State Of Madhya Pradesh

(Supreme Court Of India)

Criminal Appeal No. 210 Of 1963 | 24-01-1964


Raghubar Dayal, J.

1. Faddi appeals, by special leave, against the order of the High Court of Madhya Pradesh confirming his conviction and sentence of death under S. 302 I.P.C. by the Additional Sessions Judge, Morena.

2. Jaibai, widow of Budhu, began to live with Faddi a few years after the death of her husband Budhu. Faddi and Jaibai at first lived at Agra, but later on shifted to Morena. Jaibai had a son named Gulab, by Budhu, Gulab was aged 11 years and lived in village Torkheda at the house of his phupa Ramle. He was living there from Sawan, 1961.

3. Gulabs corpse was recovered from a well of village Jarah on January 21, 1963. It reached the mortuary at Morena at 15 p.m. that day. It is noted on the post-mortem report that it had been despatched from the place of occurrence at 1 p.m. Dr. Nigam, on examination, found an injury on the skull and has expressed the opinion that the boy died on account of that injury within two or three days of the post-mortem examination. He stated in Court that no water was found inside either the lungs or the abdomen or the larynx or in the middle ear. This rules out the possibility of Gulab.s dying due to drowning.

4. As a result of the investigation, the appellant and one Banwari were sent up for trail for the murder of Gulab. It is interesting to observe the course of the investigation. The police knew nothing of the offence till 9 p.m. on January 20, 1963, when the appellant himself went to the police station, Saroichhola, and lodged a first information report stating therein that on peeping into the well near the peepul tree of Hadpai on the morning of January 20, 1962, he found his son lying dead in the well. Earlier he had narrated the events leading to his observing the corpse and that narration of facts accused Ramle, Bhanta and one cyclist of the offence of murdering the boy Gulab. It was this information which took the police to the well and to the recovery of the corpse.

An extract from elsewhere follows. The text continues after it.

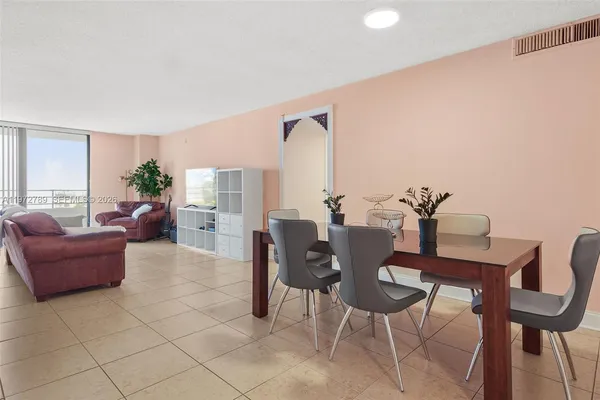 a view of a livingroom with furniture and window
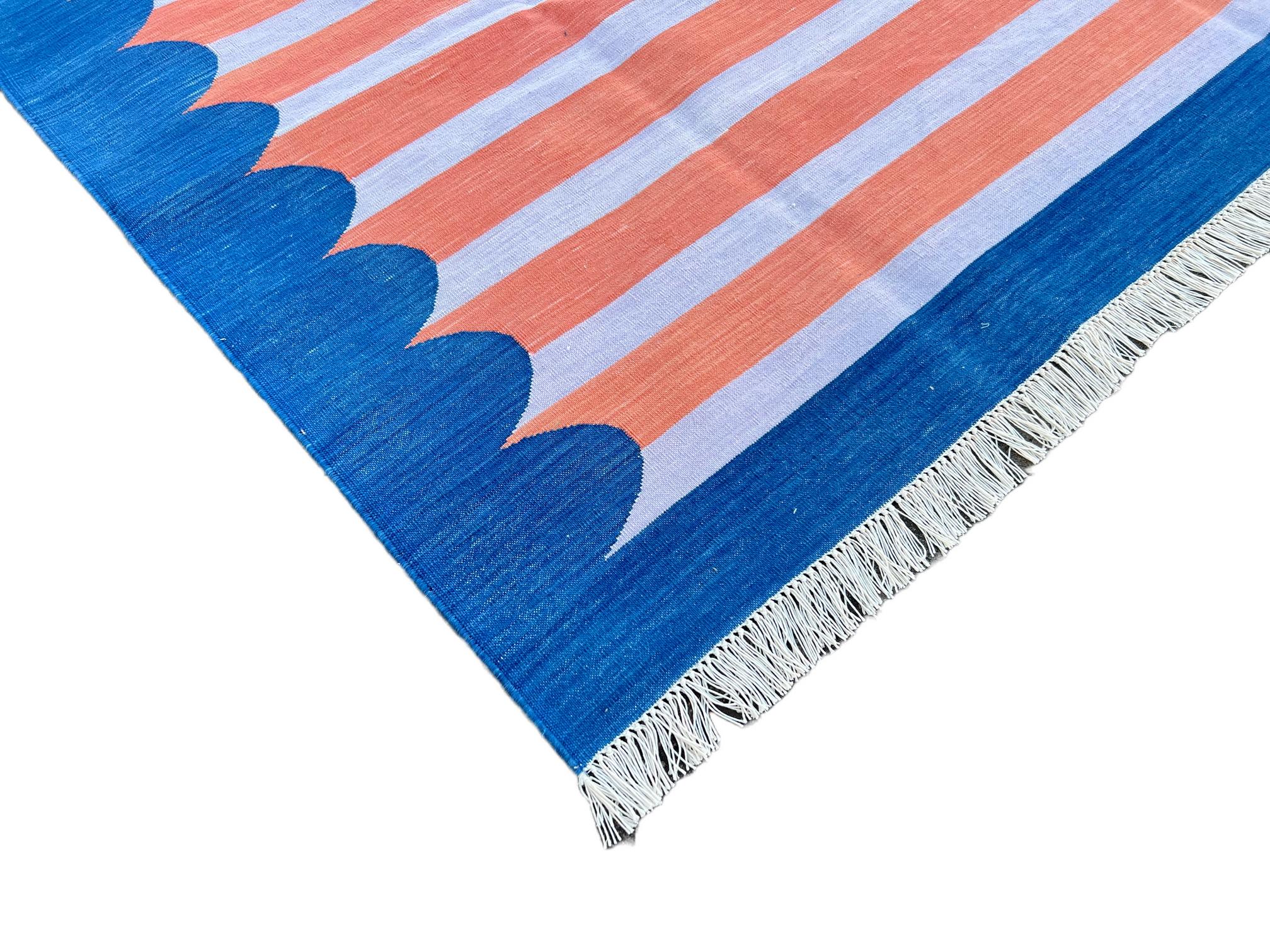Cotton Vegetable Dyed Coral, Lavender And Indigo Blue Scalloped Striped Indian Dhurrie Rug-6'x9' 
These special flat-weave dhurries are hand-woven with 15 ply 100% cotton yarn. Due to the special manufacturing techniques used to create our rugs, the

5. The police arrested the persons indicated to be the culprits, viz., Ramle, Bhanta and the cyclist, who was found to be Shyama, by January 26. These persons remained in the lock-up for 8 to 11 days. In the meantime, on January 26, the investigation was taken over, under the orders of the Superintendent of Police, by the Circle Inspector, Nazaf Mohd. Khan from Rajender Singh, who was the Station Officer of Police Station Saraichhola. The circle Inspector arrested Faddi on January 27. The other arrested person were got released in due course. Faddi took the Circle Inspector to the house and, after taking out a pair of shorts of Gulab, delivered it to the Circle Inspector. Ramle, Bhanta alias Dhanta and Shyamlal have been examined as prosecution witnesses Nos. 15, 4 and 5 respectively.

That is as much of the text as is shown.